2/17/21: No jurisdiction to hear appeal from denial of a motion to expedite resolution of a pending supervised release revocation petition

In United States v. Repp, --- F.3d ---, No. 20-50248 (9th Cir. 2021), the Court framed the issue as whether "an inmate currently serving time on one federal sentence [can] expedite the resolution of a newly lodged detainer to answer for a supervised release violation in another federal district that was triggered by his commission of the crime for which he is currently incarcerated?"

But the Court did not really answer that question.  Rather, it held it did not have jurisdiction over an appeal by the inmate (Mr.
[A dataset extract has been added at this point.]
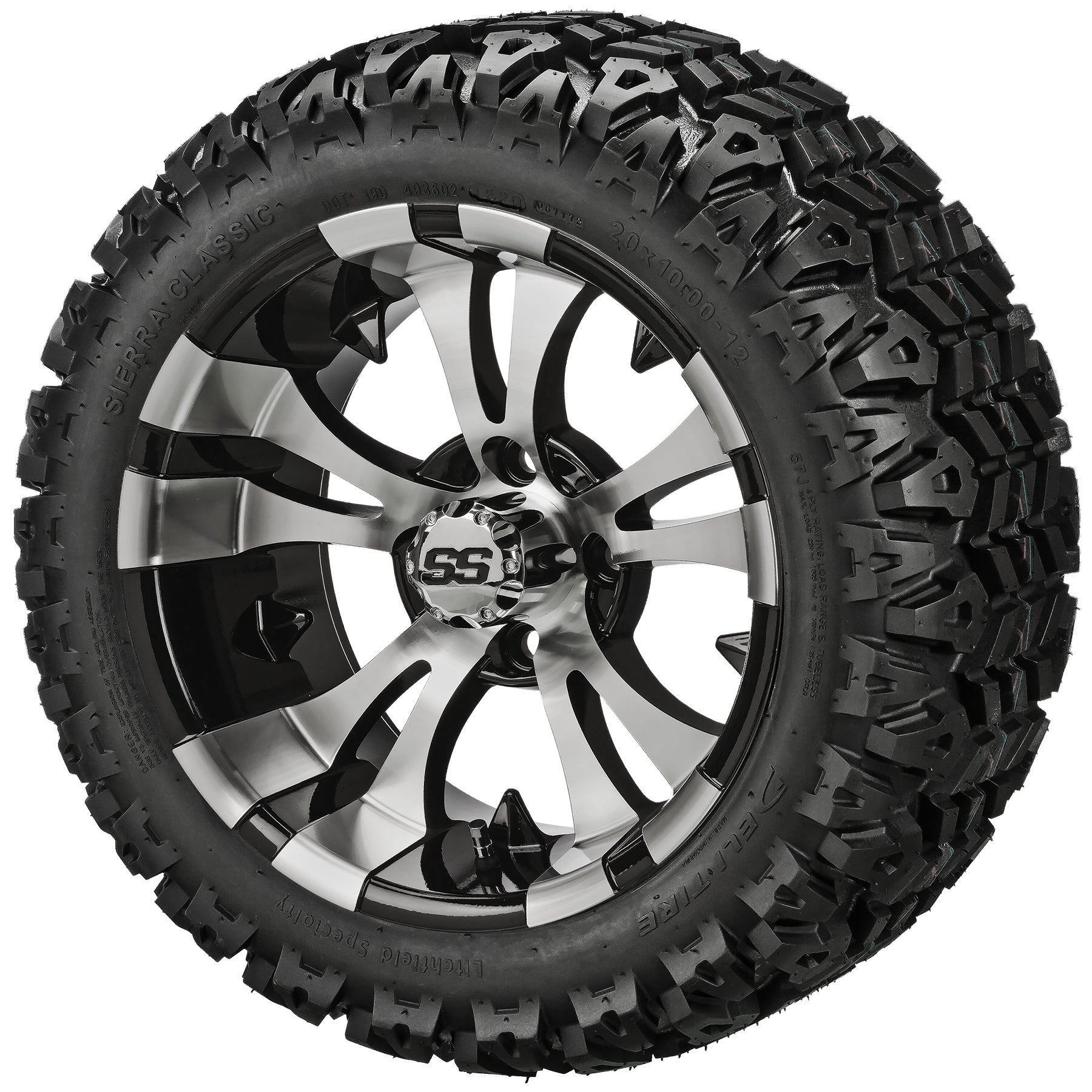 LSI 12' Warlock Black & Machined Wheel and Lifted Tire Combo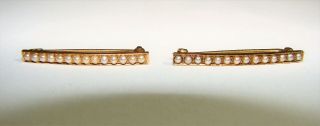 2 Antique Victorian Black 14k Yellow Gold Baby Lingerie Pin Bar Seed Pearls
Repp) from the denial of a motion to accomplish the expedited resolution.  

"Chris Repp appeals from the district court’s order denying his motion for issuance of a writ of habeas corpus ad prosequendum directed to his current custodian, the Warden of FCI Phoenix, to transport him to Los Angeles for his initial appearance there on an arrest warrant for violating conditions of supervised release, proceedings for which a detainer has now been lodged against him with the prison. Repp is currently serving a custodial sentence for federal crimes he committed in the Eastern District of Arkansas while on supervised release from an earlier federal conviction in the Central District of California." 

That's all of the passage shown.